### TASK STATEMENT
Return the full listing unchanged, apart from leaving out its images.

++++

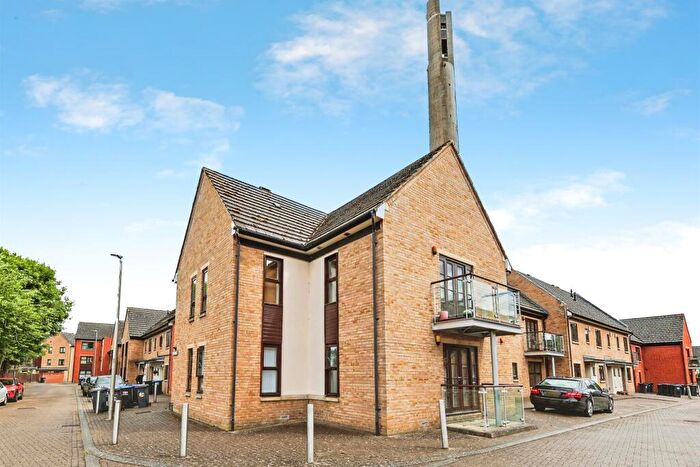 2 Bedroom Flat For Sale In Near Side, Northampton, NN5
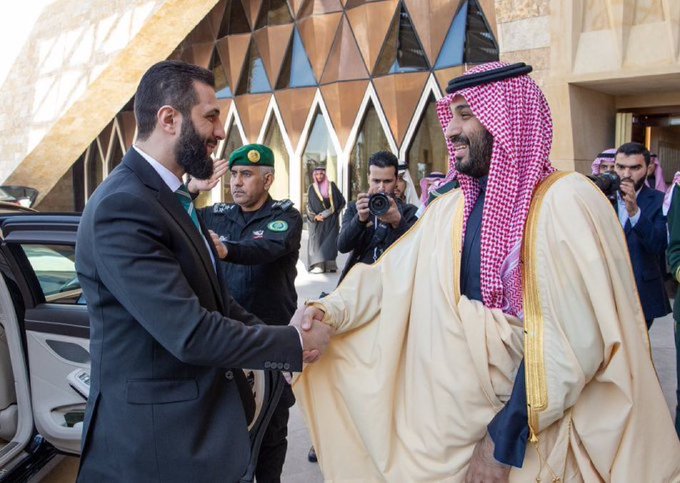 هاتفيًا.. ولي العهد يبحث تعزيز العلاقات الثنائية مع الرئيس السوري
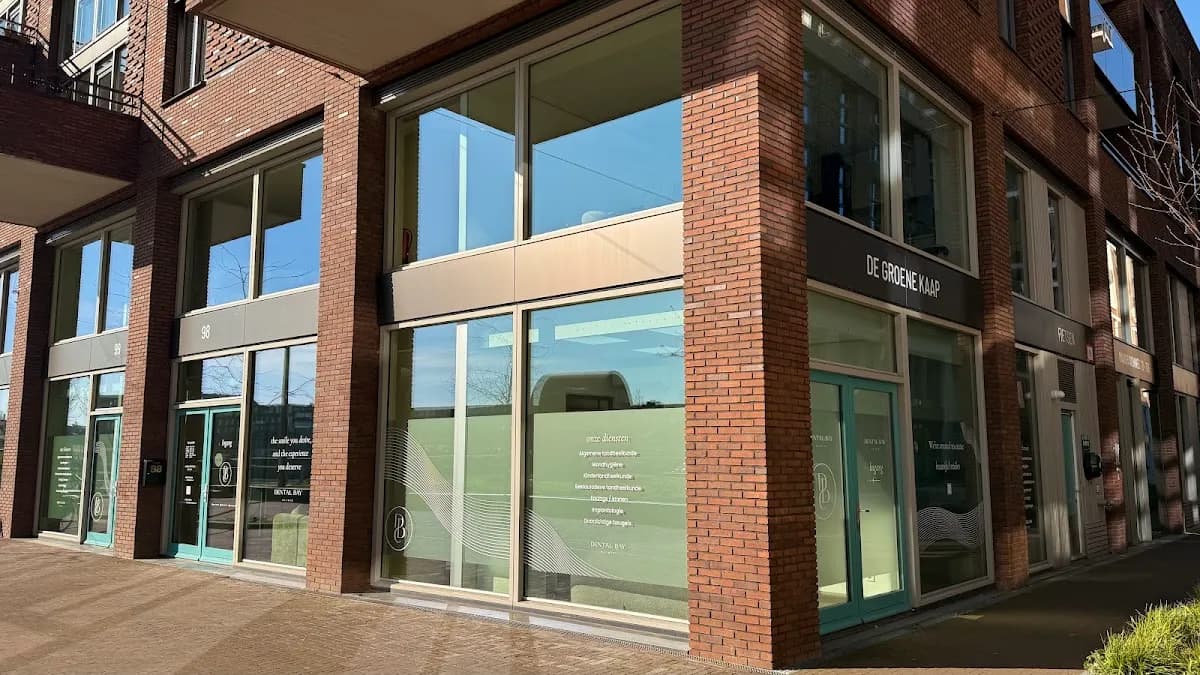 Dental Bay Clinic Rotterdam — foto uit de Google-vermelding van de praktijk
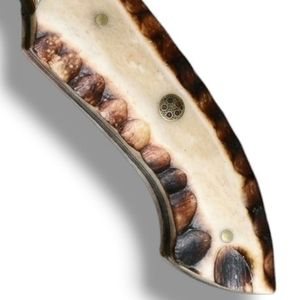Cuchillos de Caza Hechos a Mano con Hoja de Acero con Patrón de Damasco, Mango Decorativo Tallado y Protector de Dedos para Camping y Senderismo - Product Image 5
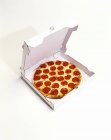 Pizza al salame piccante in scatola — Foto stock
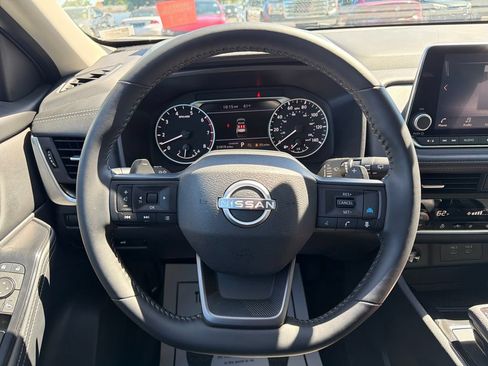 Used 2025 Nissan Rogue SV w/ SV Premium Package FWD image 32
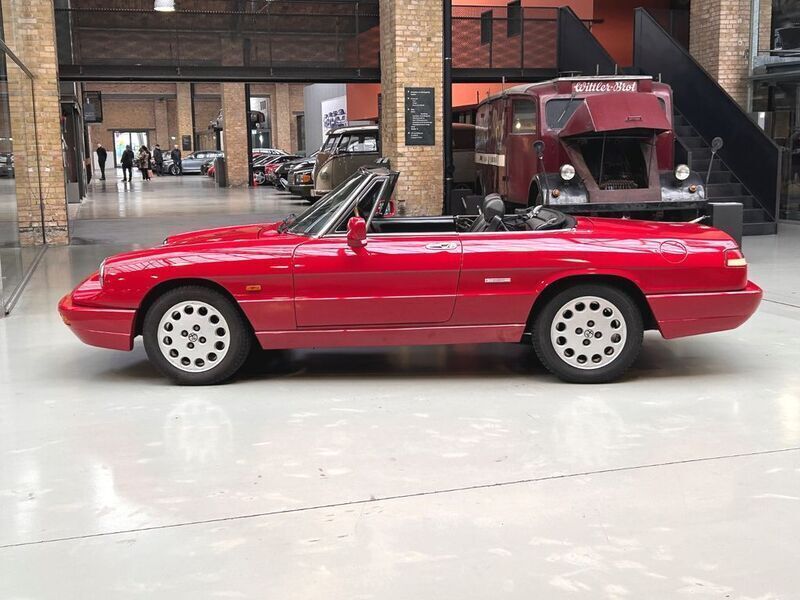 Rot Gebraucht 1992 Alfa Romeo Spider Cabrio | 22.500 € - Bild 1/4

++++

### ANSWER TO THIS TASK
 2 Bedroom Flat For Sale In Near Side, Northampton, NN5
 هاتفيًا.. ولي العهد يبحث تعزيز العلاقات الثنائية مع الرئيس السوري
 Dental Bay Clinic Rotterdam — foto uit de Google-vermelding van de praktijk
Cuchillos de Caza Hechos a Mano con Hoja de Acero con Patrón de Damasco, Mango Decorativo Tallado y Protector de Dedos para Camping y Senderismo - Product Image 5
 Pizza al salame piccante in scatola — Foto stock
 Used 2025 Nissan Rogue SV w/ SV Premium Package FWD image 32
 Rot Gebraucht 1992 Alfa Romeo Spider Cabrio | 22.500 € - Bild 1/4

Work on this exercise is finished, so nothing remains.